* **RECORDED INFORMATION**
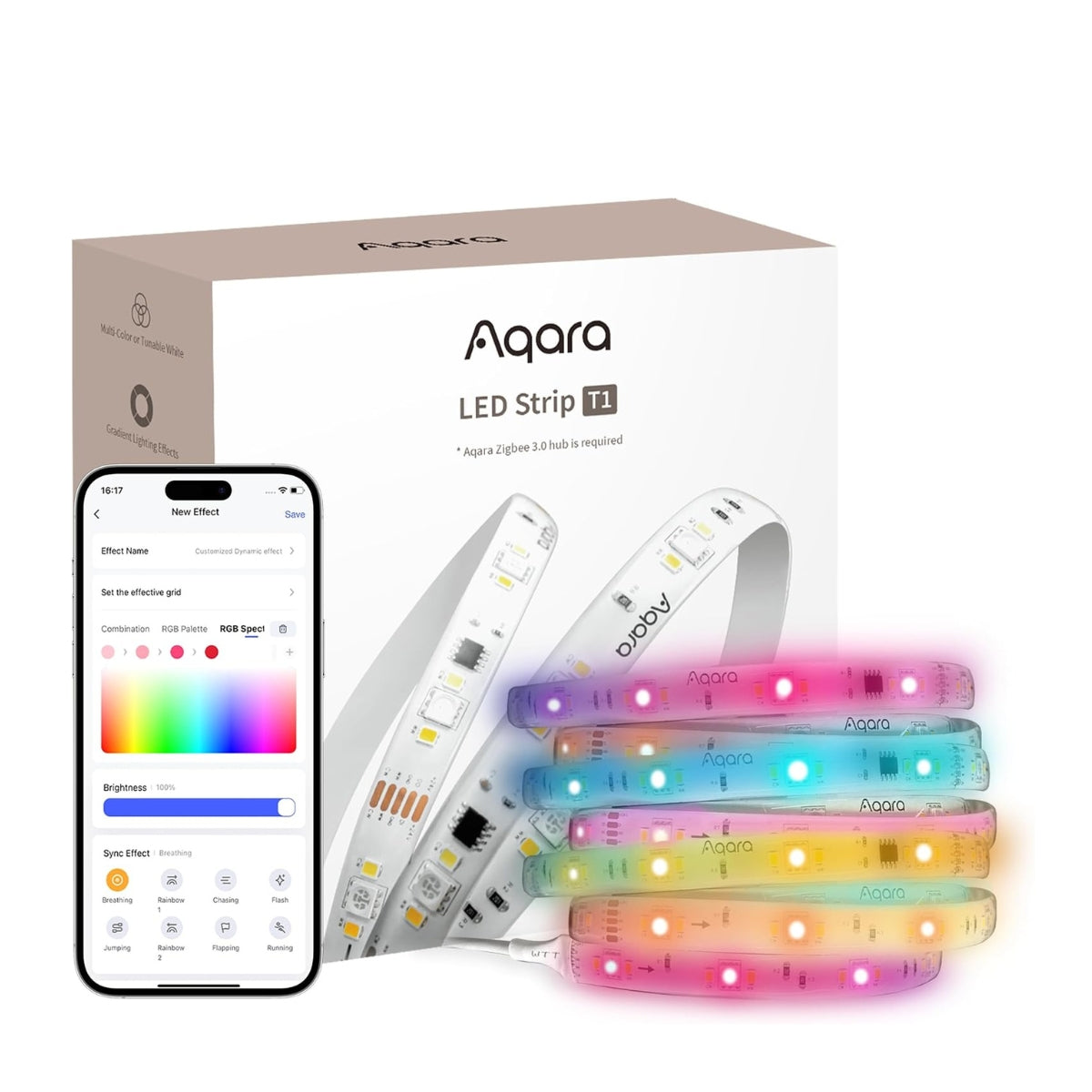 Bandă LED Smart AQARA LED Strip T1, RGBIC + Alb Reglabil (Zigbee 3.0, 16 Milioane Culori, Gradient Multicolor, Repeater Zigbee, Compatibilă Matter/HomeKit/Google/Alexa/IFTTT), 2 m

--

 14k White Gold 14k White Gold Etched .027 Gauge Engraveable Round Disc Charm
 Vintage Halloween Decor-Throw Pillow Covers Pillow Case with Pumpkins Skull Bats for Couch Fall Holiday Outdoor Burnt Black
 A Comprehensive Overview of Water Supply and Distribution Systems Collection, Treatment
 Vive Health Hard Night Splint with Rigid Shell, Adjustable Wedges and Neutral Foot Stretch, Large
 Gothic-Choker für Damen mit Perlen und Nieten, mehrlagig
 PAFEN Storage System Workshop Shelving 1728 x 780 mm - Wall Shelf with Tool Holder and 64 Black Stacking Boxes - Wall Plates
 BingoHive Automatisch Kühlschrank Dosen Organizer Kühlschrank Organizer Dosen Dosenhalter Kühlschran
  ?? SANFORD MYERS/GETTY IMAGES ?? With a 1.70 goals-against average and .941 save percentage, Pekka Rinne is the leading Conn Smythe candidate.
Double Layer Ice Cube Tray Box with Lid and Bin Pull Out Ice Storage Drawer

* **WORK REQUEST**
Look for the word "Black". Copy out every line of the data that has it.

* **SOLVED PROBLEM**
 Vintage Halloween Decor-Throw Pillow Covers Pillow Case with Pumpkins Skull Bats for Couch Fall Holiday Outdoor Burnt Black
 PAFEN Storage System Workshop Shelving 1728 x 780 mm - Wall Shelf with Tool Holder and 64 Black Stacking Boxes - Wall Plates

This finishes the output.